Augustine at least ‘knows’ that our souls all shared Adam's sin, so that what he expresses ignorance about is not ‘our’ existence ‘in Adam’, but only how, after existing in Adam, our souls arrived in our present bodies. Yet it is still strange that creationism is not rejected outright, for it implies the making of new (and therefore guiltless) souls. Now it is true, as O'Connell regularly notes, that creationism was a very popular Christian belief outside North Africa. (Both Jerome and Pelagius subscribed to it.) So it may be that, since Augustine can find no knock-down scriptural text or reasoned argument against it, his profession of ignorance merely reflects an unwillingness to condemn a position so widely and traditionally held. Compare his unwillingness to condemn women who had committed suicide to avoid rape, because he knew they had been honoured in the Church as martyrs.
Augustine knows (and tells Jerome in Letter 166, for example) that squaring creationism with original sin is peculiarly difficult.
In The Master (2.3) Augustine quotes the following line from Virgil:
Si nihil ex tanta superis placet urbe relinqui.

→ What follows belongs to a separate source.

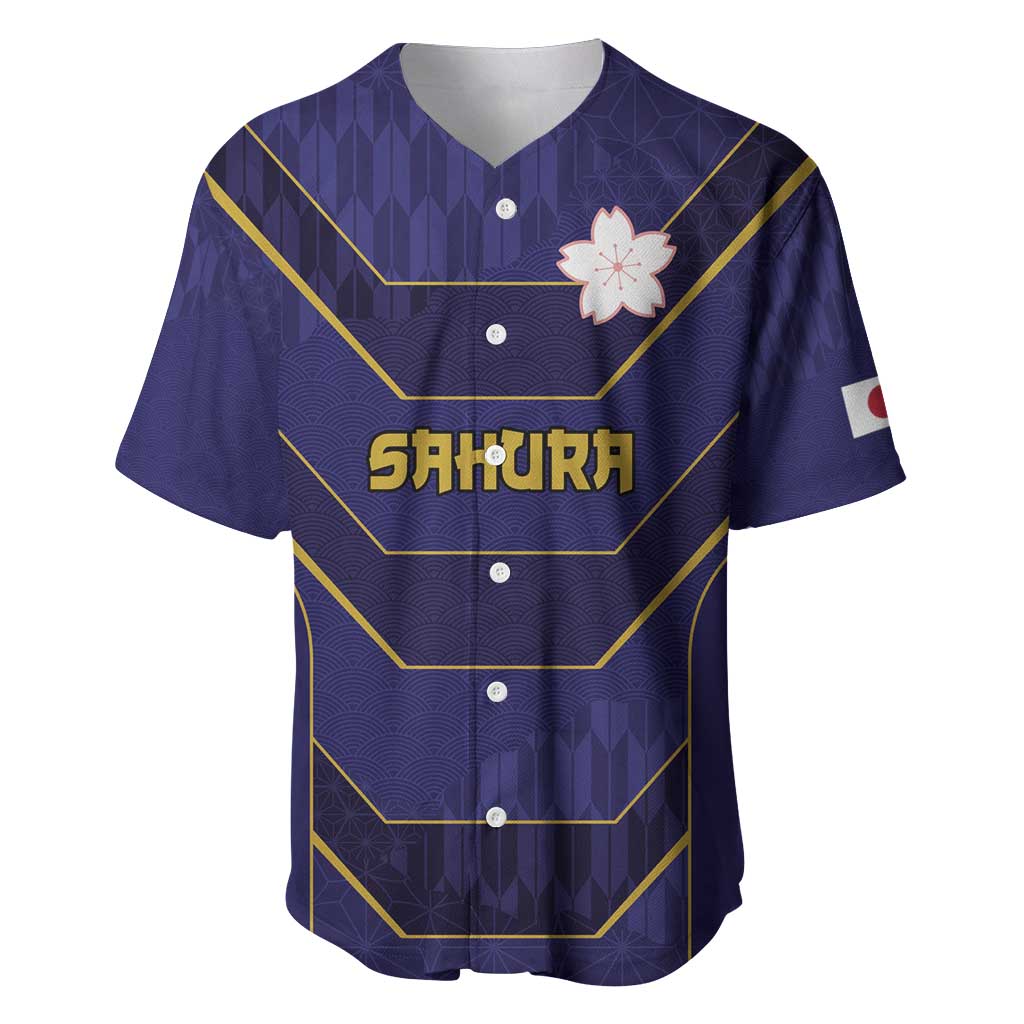 Japan Pacific Rugby 2022-23 Custom Baseball Jersey Blue Sakura Japanese Wave Pattern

When Augustine's son Adeodatus is asked how many signs the line contains, he replies Eight – surprisingly if his father is supposed to be availing himself of Stoic theory. Thus he seems to assume that each individual word is a sign but that the verse as a whole, or the proposition [if] ρ, does not signify or refer to anything further, that is, beyond what is signified by each of its parts. Nevertheless, commentators on The Master often assume that for Augustine sentences do have some signification beyond that of the individual words of which they are composed, and that Augustine follows, but does not state, let alone defend, a theory to that effect. In fact the commentators are right, but they do not know why they are right.
The theory derives from Porphyry, and Augustine probably acquired his familiarity with it from one of Victorinus' commentaries, either that on Aristotle's Categories or that on Cicero's Topics. It may be briefly explained as follows: when Porphyry decided, contrary to the view of his master Plotinus, that Aristotelian logic could be put to the service of Platonic metaphysics, he argued precisely that a proposition about the ‘ordinary’ world, which, prescinding from Platonic metaphysics, appears to make sense, consists of a subject plus a concept (noema, or ennoia) which indicates the special and disambiguating features of the subject in each case. (If the concept is a second-order word (like a universal), it may be called an epinoia.)